Thing is, companies lie when they talk to the press. Or they release a number
with no context behind it, which will be interpreted differently by outsiders
than insiders. Or the press _makes up_ a number when the company refuses to
release it. Or the company chooses not to get press coverage for an event
that's pretty important.

When I've had inside information about a story that later breaks in the tech
press, I'm always shocked at how differently it's perceived by readers of the
article vs. how I experienced it. Among startups & major feature launches I've
been party to, I've seen: executives that flat-out say that they're not
working on a product category when there's been a whole department devoted to
it for a year; startups that were founded 1.5 years before the dates listed in
Crunchbase/Wikipedia; reporters that count the number of people they meet in a
visit and report that as a the "team size", because the company refuses to
release that info; funding rounds that never make it to the press;
acquisitions that are reported as "for an undisclosed sum" but actually are
less than the founders would've made if they'd taken a salaried job at the
company; project start dates that are actually when the project was staffed up
to its current size and ignore the year or so that a small team spent working
on the problem (or the 3-4 years that _other_ small teams spent working on the
problem); and algorithms or other technologies that are widely reported as
being the core of the company's success, but actually aren't even used by the
company.

I figure that if such a high percentage of what I _do_ know about is
misreported, most of what I _don 't_ know about but hear from the tech media
is probably wrong too. Ironically, the effect of having a little inside
information isn't to make me feel well informed; it's to make me realize how
_uninformed_ everyone else is, often including top decision-makers at
companies.

------
20yrs_no_equity
There is a real dearth of VC critical perspective. The VC blog posts are not
just content marketing, but they are also self serving. This is natural as
you're going to write about things from your perspective.

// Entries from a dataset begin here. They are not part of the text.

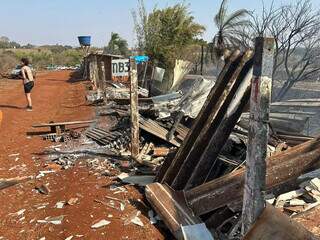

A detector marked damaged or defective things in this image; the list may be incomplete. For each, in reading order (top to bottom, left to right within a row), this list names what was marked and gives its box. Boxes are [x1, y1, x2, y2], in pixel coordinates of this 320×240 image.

rusted metal sheet [146, 183, 202, 239]
charred wooden post [158, 50, 240, 185]
charred wooden beam [158, 50, 240, 185]
rusted metal sheet [159, 50, 241, 185]
charred wooden beam [172, 51, 252, 190]
charred wooden post [186, 56, 254, 189]
charred wooden beam [185, 137, 320, 216]
rusted metal sheet [185, 137, 320, 216]
charred wooden post [242, 37, 276, 234]
rusted metal sheet [244, 204, 318, 240] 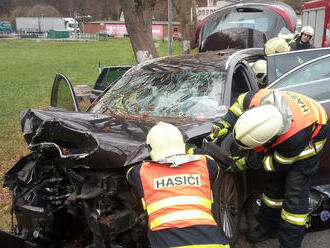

But VC and founders interests are not always aligned. In fact, in my
experience, the number one cause of startup failure is that the VC isn't
giving "advice" but orders. EG: not "you should do less email marketing" but
"you will pivot away from this business into another one", and things of that
nature. The number two cause of startup failures in my experience (over a
couple decades) is fights between the founders, and a large portion of those
are caused because one founder wants to do what the VC says and the other
thinks its the wrong thing for the business. The number three cause of failure
is being too early/not addressing the right part of the market/lack of
customer development.

Things are a bit better these days with angels who seem to want to exert less
control, and more participants in rounds.

But we really need a good blog that is critical of VC perspective, and arms
founders so that they don't get screwed every time.

There's a book by Remus Sutten about buying a car called "don't get taken ever
time". Yet IMNSHO Founders are still getting taken every time.

------
pcmaffey
Fred is right, it's the entrepreneurs who are mythologized as heroes... and by
consequence, the VC's are idolized as hero-makers.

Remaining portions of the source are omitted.